According to the Bureau of Labor statistics data, the unemployment rate stood at 9.1 percent as of August 2011 for those ages 16 and older. In 2009 and 2010, it was unchanged at 9.5 percent. “I definitely think we are overlooked now and then,” Brown said.

In a survey conducted by the National Association of Colleges and Employers, 2011 college graduates spent more time searching for jobs than did the previous year’s graduates.

“I think because of the difficulty of the economy right now it is going to be hard to focus on this graduate group of student workers or soon-to-be workers,” said Alexis James, a senior majoring in English at Howard. “If there aren’t jobs out there already for the people already looking, there is definitely not going to be jobs for us college students,”

As alternatives, students have been joining the Teach for America program or the Peace Corps. In 2010, Teach for America received 46,000 applicants, Kris Hintz, career counselor, stated in an article. Of this number, 4,500 applicants were placed throughout the country. Within the same group of applicants, 20 percent of Spelman College’s graduating class applied to the program. In 2009, TFA had 35,000 applicants, up from 25,000 the previous year.

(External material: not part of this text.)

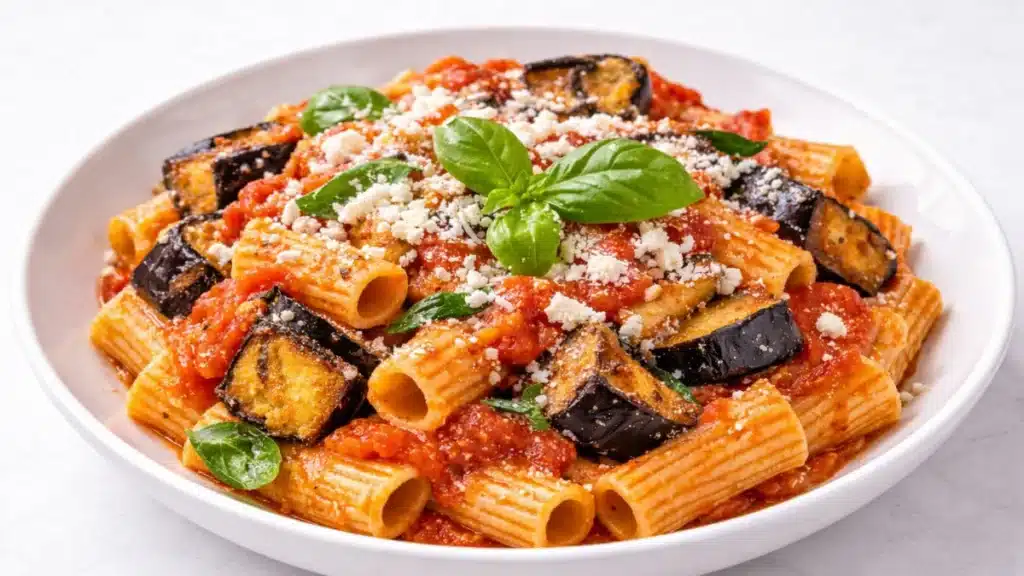 Pasta alla Norma siciliana con melanzane fritte pomodoro basilico e ricotta salata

Brown will be one of next year’s applicants as she plans to be part of Teach for America or a teaching fellow. James will be attending law school after graduation, and her top picks are University of Virginia and William and Mary.

“Any young person looking to go into the job market has to work twice as hard as other generations,” Lopezlira said.

“If you are a senior and you haven’t started doing any networking, you are really behind the ball,” he warned. “Students should really come with a plan from year one.”